# Suggest some similar music



## zao_89 (Feb 17, 2006)

Ive recently started listening to some jazz like George Benson, Herbie Hancock, and Wes Montgomery, but I dont know which musicians to listen to. Suggest some songs/artists?


----------



## Jeff Flowerday (Jan 23, 2006)

Larry Carlton
Pat Metheny

are a couple I listen to.


----------



## Lester B. Flat (Feb 21, 2006)

Joe Pass
Herb Ellis
Django Reinhardt

Some fusion players:

John Abercrombie
Al DiMeola (or Return to Forever)
John Mclaughlin
Bill Connors
Larry Coryell
Phillipe Catherine

I suggest you go back and listen to all the Louis Armstrong records you can find regardless of what kind of music you are into now.:bow:


----------



## sysexguy (Mar 5, 2006)

I'd concentrate on the guys that are masters of phrasing and voice leading...really helps getting the ears tuned to what's to come.

adding to a great list:

Pat Martino
Kenny Burrell
Charlie Christian

Andy


----------



## Guest (Jan 30, 2007)

Robben Ford!


----------



## Guest (Jan 30, 2007)

Visit Pandora.com


----------



## rippinglickfest (Jan 1, 2006)

zao_89 said:


> Ive recently started listening to some jazz like George Benson, Herbie Hancock, and Wes Montgomery, but I dont know which musicians to listen to. Suggest some songs/artists?

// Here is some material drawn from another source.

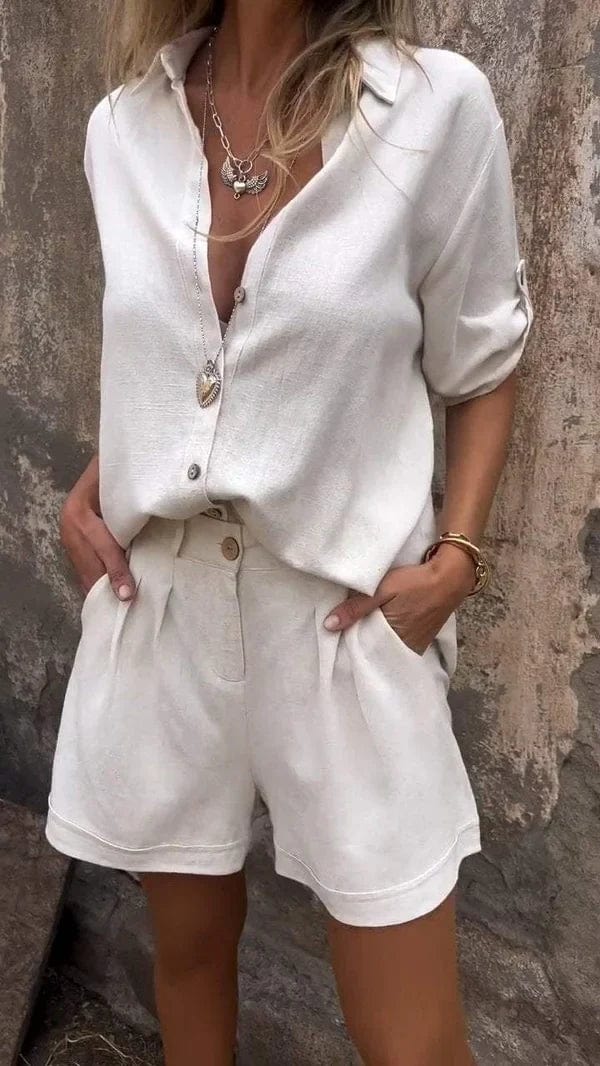 Conjunto Mujer de Dos Piezas Algodón y Pantalón Relajado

Start with some compilation CD's which are not hard to find in the jazz idiom
That way you'll have a broad starting point and then you can refine when you hear artists that interest you.


----------



## 2005fz1 (Oct 9, 2006)

Ya gotta love Leon Redbone , great baritone ! :food-smiley-004: 

Cheers 
FZ1


----------



## Tarbender (Apr 7, 2006)

*Lenny Breau* is a must for any serious affectionado of the guitar! You should checkout some of the clips on Youtube. The guy is simply amazing to watch and listen to!


----------



## Graham (Jan 26, 2007)

Coltrane is a must in my book. And definately set up Pandora for Jazz.


----------



## Neill MacInnis (Feb 12, 2006)

ummm david torn, eivind aarset, nils petter molvaer, jan garbarek, terje rypdal, squarepusher (music is rotted one note), b.l.u.e, polytown, mahavishnu orchestra, tony williams lifetime, ornette coleman, dolphy yada yada yada.... any of the above will sufficiently blow your mind.


----------